Case Law State v. Jones

State v. Jones

Document Cited Authorities (28) Cited in (49) Related

Christopher Albert Aberle, Mandeville, for applicant.

James D. Caldwell, Attorney General, Darryl W. Bubrig, Sr., District Attorney, Gilbert Victor Andry, IV, Assistant District Attorney, for respondent.

VICTORY, J.

We granted this writ application to determine whether this defendant is guilty of attempted obstruction of justice for dropping a bag of marijuana out of his pocket to the ground in the presence of a police officer who was admonishing him for drinking beer too close to a high school football game.

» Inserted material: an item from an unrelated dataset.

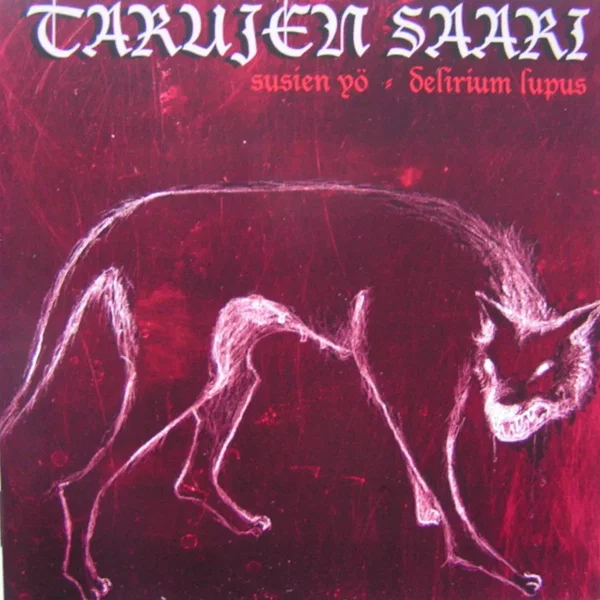 Susien yö - Delirium lupus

After reviewing the facts and the applicable law, we affirm the judgment of the court of appeal and find that defendant is guilty of attempted obstruction of justice in this case.

FACTS AND PROCEDURAL HISTORY

On October 22, 2004, Deputy Cody Portier, a trainee of the Plaquemines Parish Sheriff's Office, was assigned to work at a high school football game at the Fort Jackson field. Deputy Portier observed a group of people drinking beer in an area outside the field known as "the hill" and approached the group. Defendant, Ellery Jones, who was carrying a single beer and a six-pack, began to walk away from the officer. Several times, Deputy Portier directed defendant to stop, but defendant continued to walk toward his vehicle in the parking lot. He then opened the back door and put the beer inside his vehicle. Deputy Portier reached defendant and advised him of the parish ordinance which prohibits alcohol consumption within a certain distance of a school function. During this conversation, defendant reached in his pocket, removed a clear plastic bag containing vegetable matter, and dropped it to the ground in front of the officer. The bag was knotted and no vegetable matter spilled from the bag. Deputy Portier retrieved the bag and placed defendant under arrest for possession of marijuana. The deputy advised defendant of his Miranda rights, which defendant acknowledged he understood. When asked why he dropped the bag, defendant replied it was because he was on probation.1 A search incident to arrest yielded a pack of rolling papers in defendant's pocket.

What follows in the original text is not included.